Disputa pela final da Copa do Mundo de 2030 gera polêmica entre Marrocos e Espanha
A definição do palco da grande final da Copa do Mundo de 2030, que será sediada conjuntamente por Espanha, Portugal e Marrocos, tornou-se um campo de batalha diplomático e político. A Federação Real Marroquina de Futebol (RMFF) manifestou o desejo de sediar o jogo decisivo, mas a declaração gerou forte reação interna e também da federação espanhola.
O primeiro-ministro de Marrocos, Aziz Akhannouch, criticou publicamente o presidente da RMFF, Fouzi Lekjaa, por ter prometido que Casablanca seria a cidade anfitriã da final. Akhannouch pediu respeito aos aliados, Espanha e Portugal, e acusou Lekjaa de fazer “promessas eleitorais” em um assunto de grande importância internacional.
A Federação Espanhola de Futebol (RFEF), por sua vez, também se manifestou, defendendo que a Espanha é o local mais adequado para sediar a final. O presidente da RFEF, Rafael Louzán, classificou a afirmação marroquina como um “slogan eleitoral” e ressaltou os méritos da Espanha para receber o evento, incluindo o status de atual campeã mundial.
Marrocos em polvorosa com declarações sobre a final da Copa 2030
A polêmica começou quando Fouzi Lekjaa, presidente da RMFF, declarou durante um evento de um partido político que Casablanca teria a “honra” de receber a final da Copa do Mundo de 2030. Essa afirmação, vista como uma promessa unilateral, irritou o primeiro-ministro marroquino, Aziz Akhannouch.

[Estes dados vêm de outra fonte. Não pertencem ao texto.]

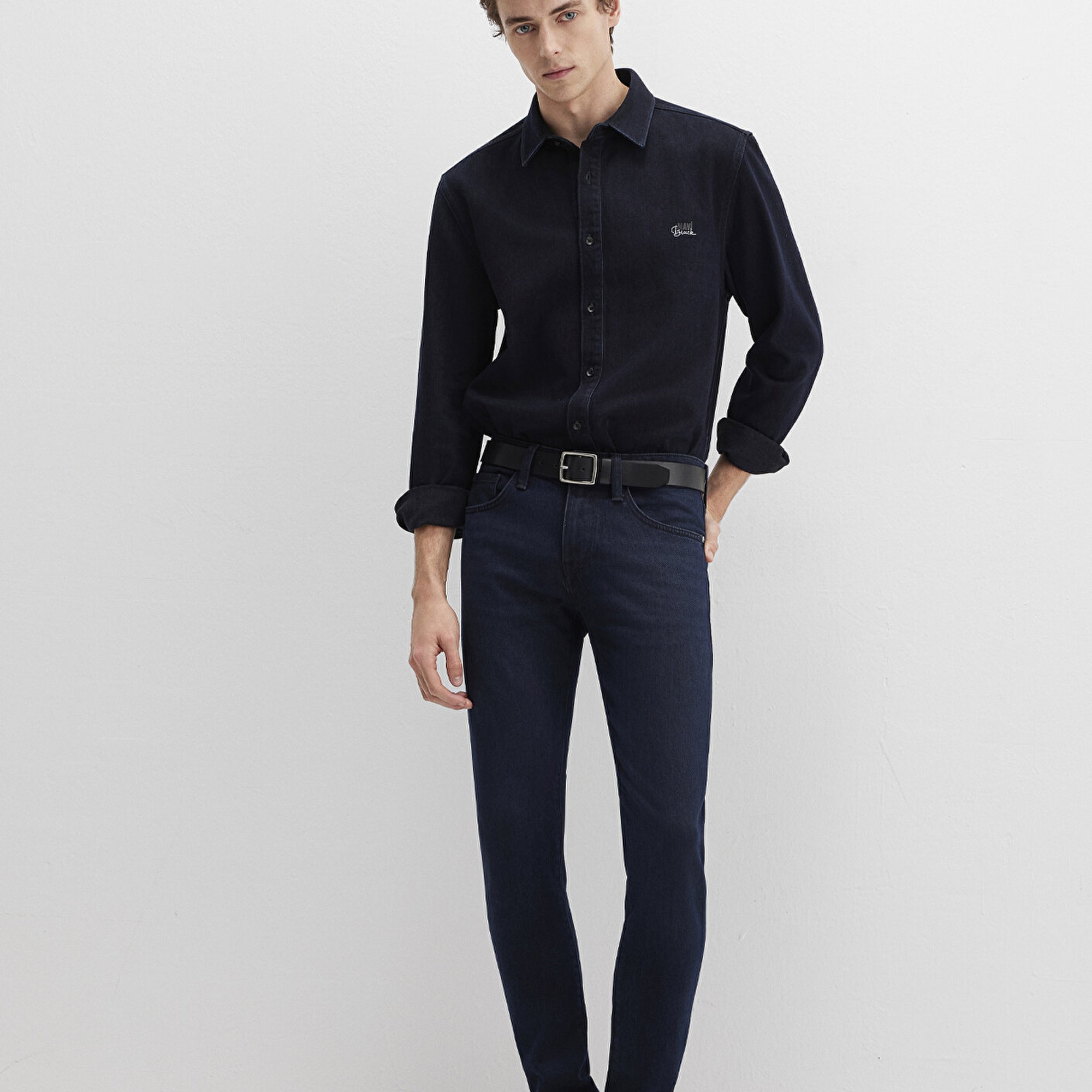 Mavi Kvnç Mavi Black Koyu Gece Mavisi Jean Pantolon 001070-91239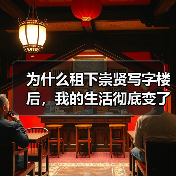 为什么租下崇贤写字楼后,我的生活彻底变了? 为什么租下崇贤写字楼后,我的生活彻底变了?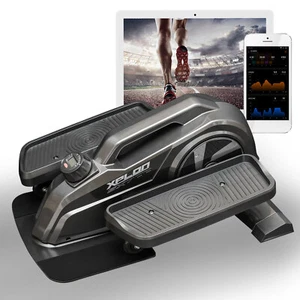 Entrenador de piernas XPLON bicicleta estática entrenador elíptico stepper con aplicación - Imagen 1 de 8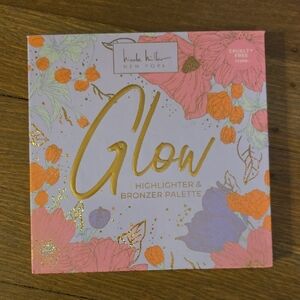 Nicole Miller Glow- Highlighter & Bronzer Palette NEW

Akhannouch fez um apelo direto a Lekjaa, solicitando que ele parasse de fazer tais promessas sem antes haver discussões com os países parceiros da organização, Espanha e Portugal. “Não se ofereçam para sediar a grande final no Marrocos enquanto ainda não discutimos o assunto com nossos aliados, Espanha e Portugal. Deveria haver um pouco de respeito, irmãos”, declarou o primeiro-ministro.

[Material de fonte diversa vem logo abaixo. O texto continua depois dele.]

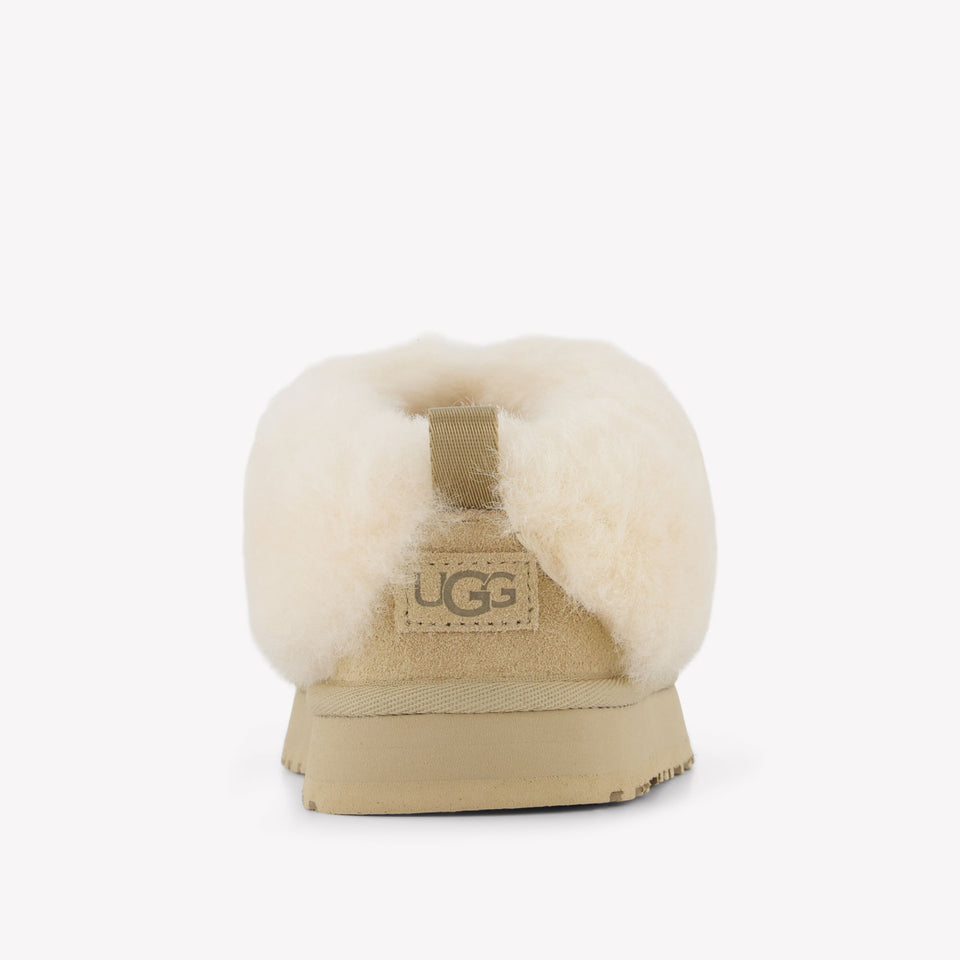 UGG Tazzelle Girls Shoes In Light Beige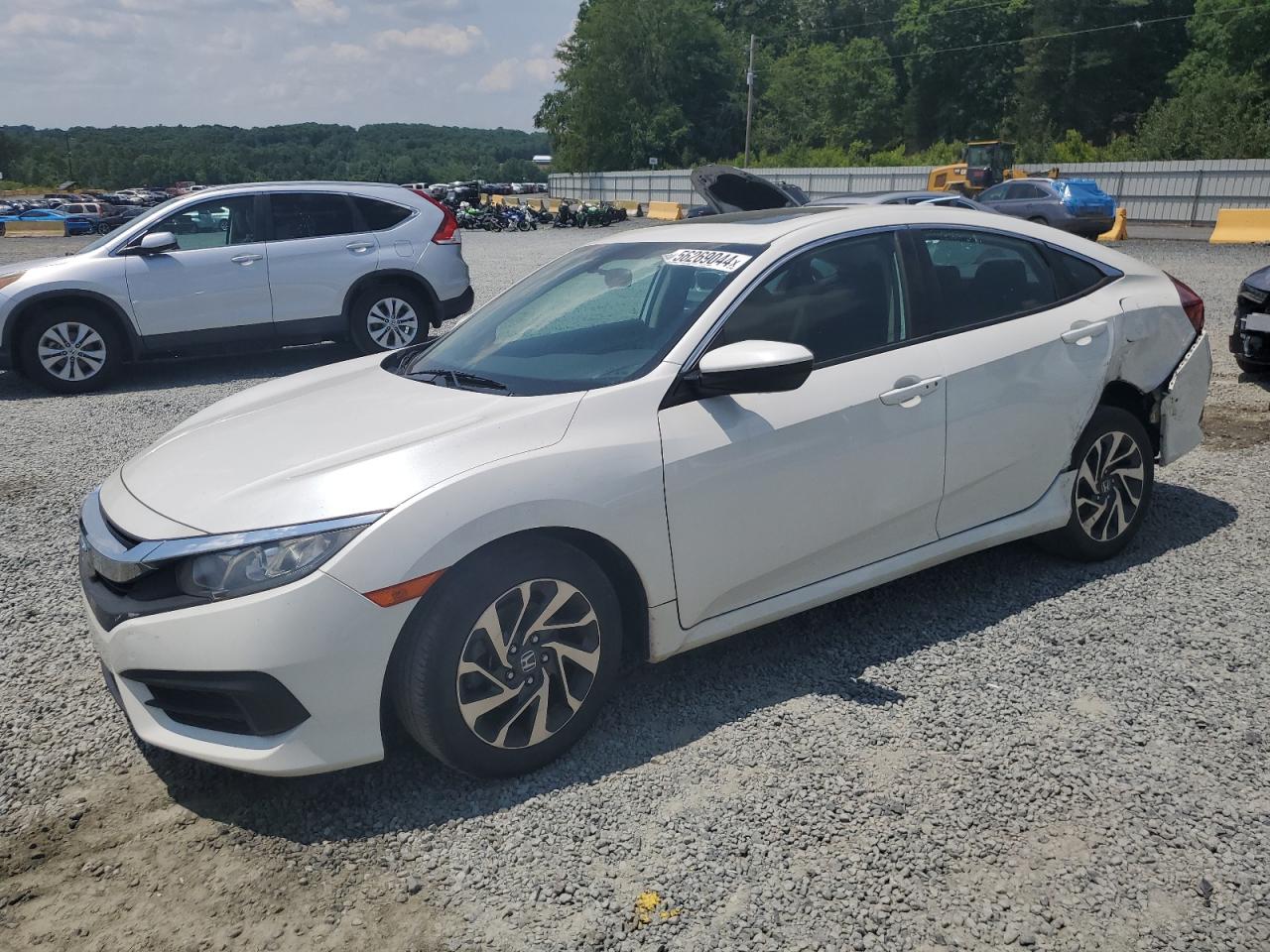 2017 HONDA CIVIC EX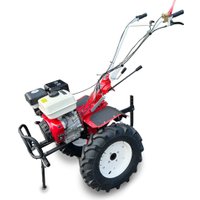 Мотоблок бензиновый Rossel M-318 c ВОМ (сцепка+фреза)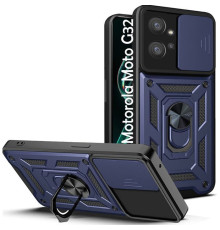 Чохол до мобільного телефона BeCover Military Motorola Moto G32 Blue (708178)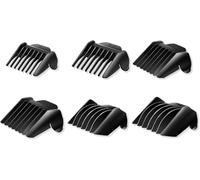 Hatteker Set completo di pettini guida per RFC-69031 e RFC-69001 (3 mm, 4-6 mm, 7-9 mm, 10-12 mm, 16-18 mm, 22-24 mm)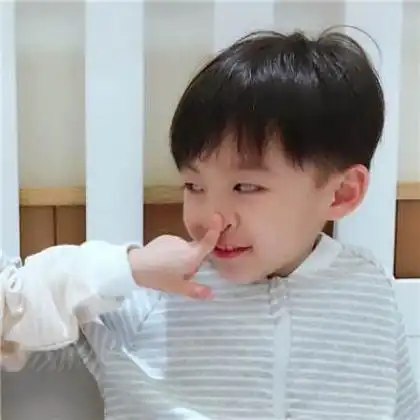  2020呆萌小孩情侣头像一对一左一右最萌的分享出来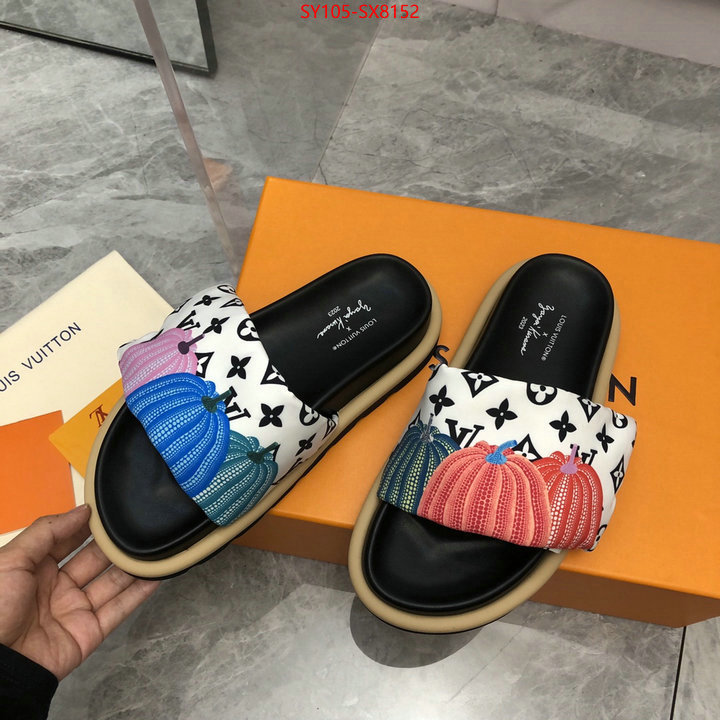 Men Shoes-LV high quality customize ID: SX8152 $: 105USD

O chefe de governo marroquino foi enfático ao criticar o uso de declarações sobre a Copa do Mundo para fins políticos internos. “Parem de usar promessas eleitorais para nos tirar o chão. Essas são questões de grande importância. Decidir onde a final será realizada é uma questão de grande peso”, enfatizou Akhannouch, demonstrando a **divisão política** que a disputa pela final causou no Marrocos.
Espanha reivindica a final e cita título mundial
Em resposta às declarações vindas de Marrocos, o presidente da Federação Espanhola de Futebol, Rafael Louzán, também entrou no debate. Louzán rejeitou a promessa de Lekjaa e defendeu firmemente que a final da Copa do Mundo de 2030 deveria ocorrer na Espanha.
Louzán classificou a declaração marroquina como um “slogan eleitoral”, ecoando a crítica do primeiro-ministro marroquino. Ele argumentou que a Espanha possui **fortes motivos** para sediar o jogo decisivo, destacando, inclusive, o fato de o país ser o **atual campeão mundial**. Essas declarações evidenciam a **forte concorrência** pela sede da final.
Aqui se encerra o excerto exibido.